Task: Whenever a picture appears in the listing below, leave it out, and copy exactly the lines from the one containing "ข้าวราดลาบหมู" through the end.

-- Provided material follows --

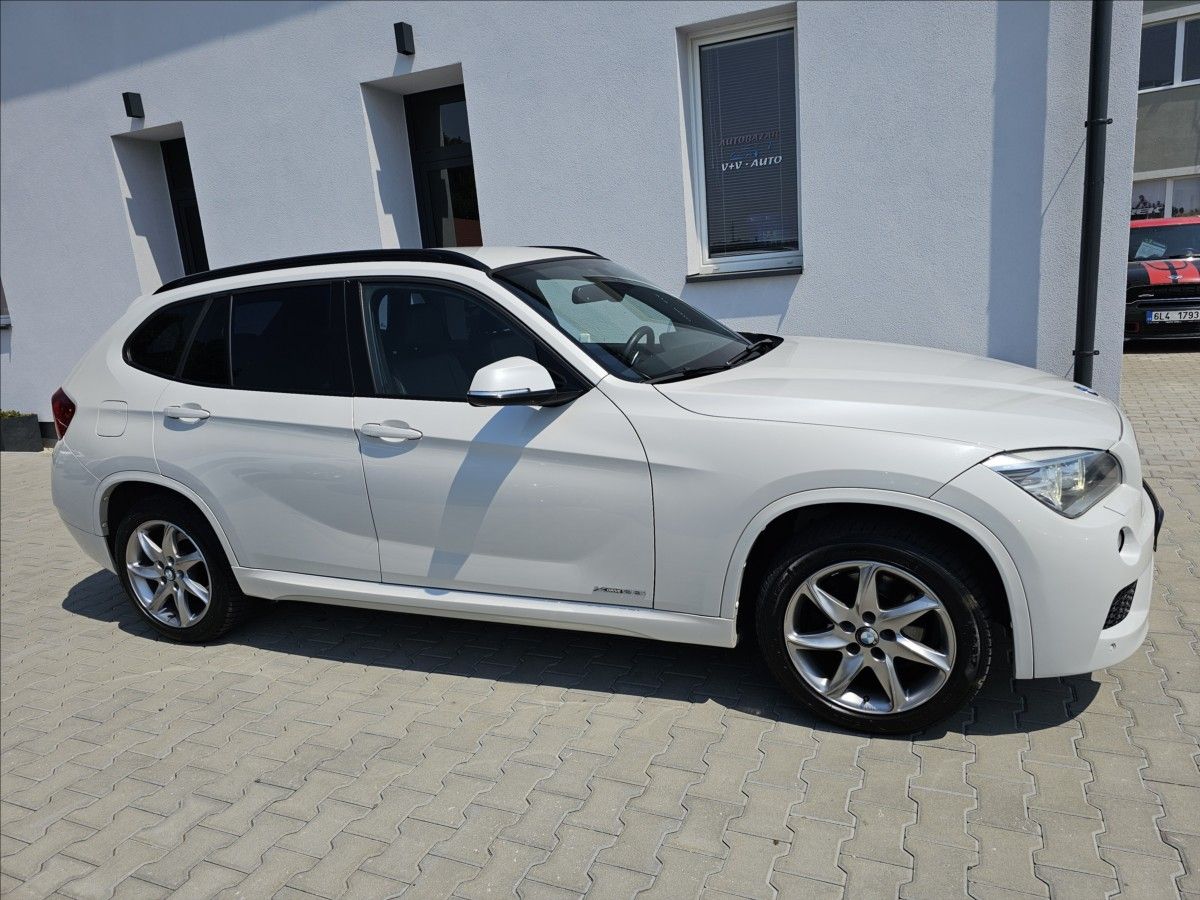 BMW X1, 2,0 XDRIVE 28i AUTOMAT TOP - fotka 5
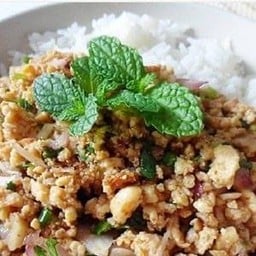 ข้าวราดลาบหมู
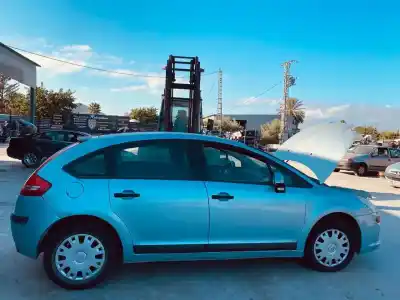 Veículo de Sucata citroen c4 berlina collection do ano 2004 alimentado 9hx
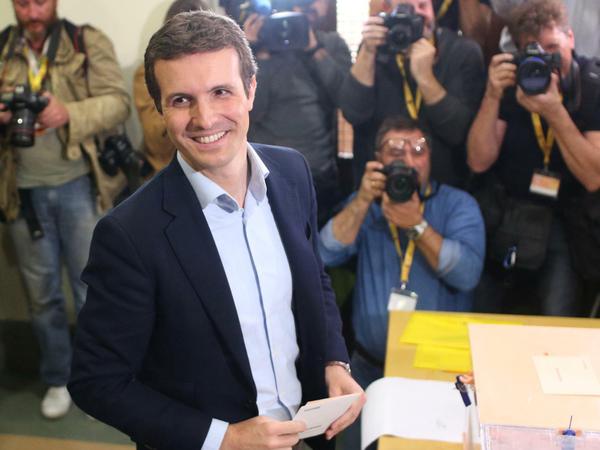 Pablo Casado, Chef der konservativen Volkspartei (PP), im Wahllokal.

-- Provided material concluded --

Result for this exercise:
 ข้าวราดลาบหมู
 Veículo de Sucata citroen c4 berlina collection do ano 2004 alimentado 9hx
 Pablo Casado, Chef der konservativen Volkspartei (PP), im Wahllokal.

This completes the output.